Mereka berdua pun pergi ke rumah Raka dengan menaiki mobil Sila. Selama perjalanan, Sila banyak menceritakan Raka yang sedikit berubah ketika di sekolah. Raka yang sekarang, jarang tersenyum dan sering melamun "Gue heran deh, Bir. Abang sekarang sering murung. Biasanya dia kan suka tersenyum ya." curhat Sila

"Mungkin lagi tengkar sama Winda." Biru mencoba tersenyum, walau sebenarnya hatinya sakit saat membicarakan kedekatan Raka dan Winda.

"Astaga lo gak tau, Bir? Abang kan udah gak deketin Winda lagi. Kata Winda, sejak wisuda abang berusaha ngejauhin dia."

"Masak sih? Kenapa? Bukannya abang lo itu suka banget ya sama Winda?"

"Gue juga gak tau. Tapi, Winda cerita sama gue. Malah dia sambil nangis. Katanya abang jauhin dia. Menurut lo, kenapa ya?"

Biru bahagia mendengar ucapan Sila. Mungkin kalian bisa bilang Biru jahat karena bahagia di atas penderitaan orang lain "Mana gue tau. Lo gak coba tanya ke abang lo?"

"Lo tau kan abang gimana? Dia gak akan cerita kalau masalah percintaannya."

"Iya juga sih."

Tanpa terasa, mereka berdua telah tiba di rumah Raka. Mereka berdua masuk ke dalam "Assalamualaikum." ucap mereka

Pintu dibuka oleh seorang wanita yang mereka yakini itu adalah Mama Raka. Lalu, mereka berdua mencium tangan Mama Raka "Walaikumsalam.
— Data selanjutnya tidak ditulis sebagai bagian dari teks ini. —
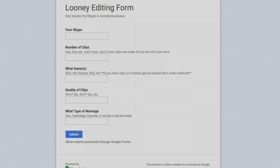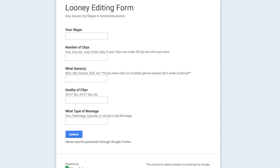Now, if you open up my editing form, it's pretty basic. These are the kind of things I just asked for. I asked to put in your Skype, the number of clips that you want edited, and what game or games that your clips are in.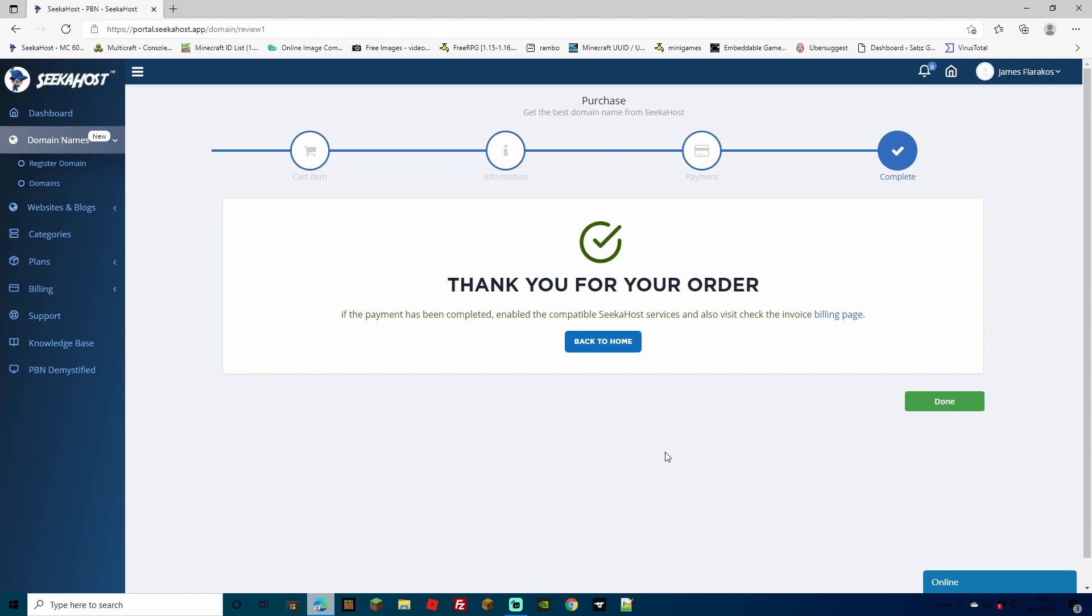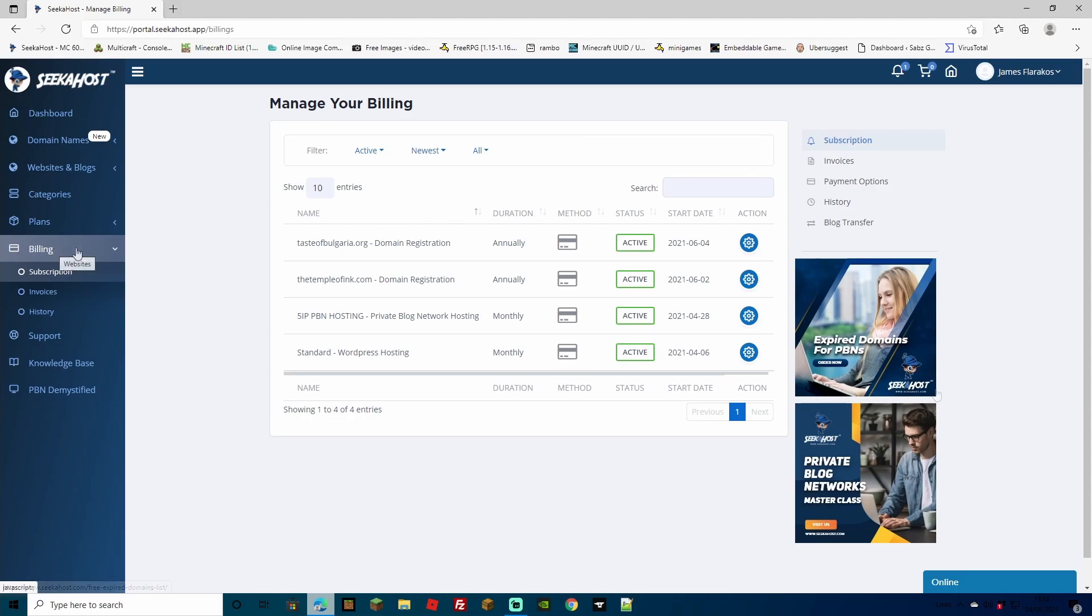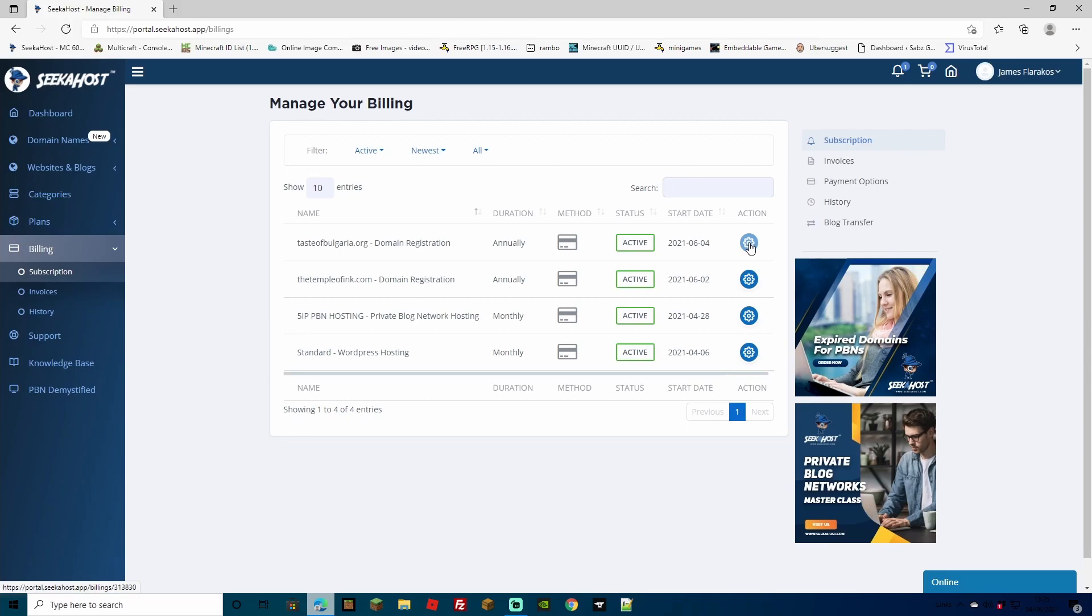As simple as that, within a matter of about one or two minutes, we've now ordered our domain and we've successfully bought it. You can also check your emails for any extra information. Simply hit done and our domain is now being processed. You can view this by going to your billing and then subscriptions and to bring up the actions that you can do for this particular domain, just tap the blue actions button next to it.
Temannya Raka ya?" kata Mama Raka

"Iya, tante." Biru dan Sila menjawab secara bersamaan

"Silahkan masuk, nak." Mama Raka mempersilahkan mereka masuk

"Terima kasih, tan." mereka berdua masuk ke dalam mengikuti Mama Raka.

"Silahkan duduk ya. Tante panggilin Raka dulu. Dia masih tidur." ucap Mama Raka

"Baik, tan." balas Biru sopan

"Pantas aja, gue nelpon gak diangkat-angkat." batin Sila

Mama Raka tiba dikamar anaknya. Dilihatnya, Raka tertidur pulas tanpa beban. Lalu, ia membangunkan Raka "Raka, bangun."

"Apaan sih, ma? Orang masih pagi juga." sahut Raka yang masih memejamkan matanya. Suaranya pun serak, khas orang tidur.

"Ada teman kamu di luar." kesal Mama Raka

Mendengar ucapan mamanya, Raka tiba-tiba membuka matanya dan memposisikan tubuhnya untuk duduk "Mama seriusan? Gak mungkin mereka datang sepagi ini."

"Iya serius lah. Pagi kepalamu botak? Ini udah hampir siang Raka. Jam 10:03 wib." Mama Raka menunjuk ke arah jam yang ada di kamar Raka

"Astaga, mama kok gak bangunin Raka sih?"

"Tadi udah mama bangunin, tapi kamu aja yang kebo."

"Ahh, mama. Iya udah, mama bilangin ke teman Raka supaya nunggu bentar. Raka mau cuci muka dulu." Raka berlari ke kamar mandi.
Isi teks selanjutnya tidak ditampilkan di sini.